Figure 1.2 illustrates the generic diagram of a WPT system. The maximum dimension of the power emitter (the antenna) is $$L_{DEV}$$ . The transmitter and the receiver are separated a distance $$d$$ , usually referred to as the gap. Electromagnetic waves are characterized by their wavelength $$\lambda $$ or their frequency $$f$$ .
../images/473894_1_En_1_Chapter/473894_1_En_1_Fig2_HTML.pngFig. 1.2
Generic diagram of a WPT system
The behaviour of an electromagnetic wave is defined by Maxwell’s equations. These complex equations can be simplified when some conditions hold, leading to the near-field and far-field operation. Both scenarios are described next.
Near-field operation or non-radiative propagation. Three conditions must be satisfied to work in this kind of scenario. They are:
1.
The size of the transmitter element, referred to as $$L_{DEV}$$ , is much smaller than the wavelength $$\lambda $$ .
2.
The distance between the energy emitter and the receiver is much smaller than the wavelength $$\lambda $$ .
3.
The distance between the transmitter and the receiver is much smaller than
$$2\cdot (L_{DEV}^2)/\lambda $$.
Far-field operation or radiative propagation. This is based on the electric field of the electromagnetic wave. In this case, the conditions are:
1.
The distance between the energy emitter and the receiver is greater than the wavelength $$\lambda $$ .
2.
The size of the transmitter element $$L_{DEV}$$ is more than 10 times greater than the wavelength $$\lambda $$ .

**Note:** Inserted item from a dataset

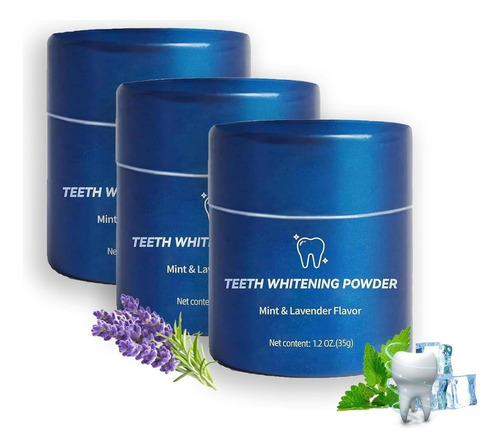 Polvo Blanqueador Dental, Creme Dental Mágico Whitening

In each scenario, there is a group of WPT technologies as presented in the chart below. Thus, in the near-field operation we have the inductive, the resonant and the capacitive wireless power transfer. Alternative, Microwave-based or optical WPT are far-field technologies. There is an intermediate configuration, referred to as Strongly Coupled Magnetic Resonance systems, which belongs to the intermediate operation between the near-field and the far-field technologies. It is important to know which group a WPT technology belongs in, so as to analyse the electrical systems correctly. Specifically, Maxwell’s equation can be simplified with Kirchhoff’s Law in the near-field operation while RF analysis and optics-based equations are necessary for the operation in the far-field.
All the aforementioned WPT technologies are described next (Fig. 1.3).
../images/473894_1_En_1_Chapter/473894_1_En_1_Fig3_HTML.pngFig. 1.3
Classification of WPT technologies
1.2.1 Inductive WPT
Inductive WPT is realized with the magnetic field of the electromagnetic wave. The operation principle is explained by the interaction of the magnetic and electrical behaviour described by Ampère’s Law and Faraday’s Law.
According to Ampère’s Law, a current-carrying wire generates a magnetic field around it. The intensity of the magnetic field and its orientation depend on the topology of the wire. Specifically, Ampère’s Law states that:
$$\begin{aligned} \oint {\overline{H}dl}= I \end{aligned}$$(1.1)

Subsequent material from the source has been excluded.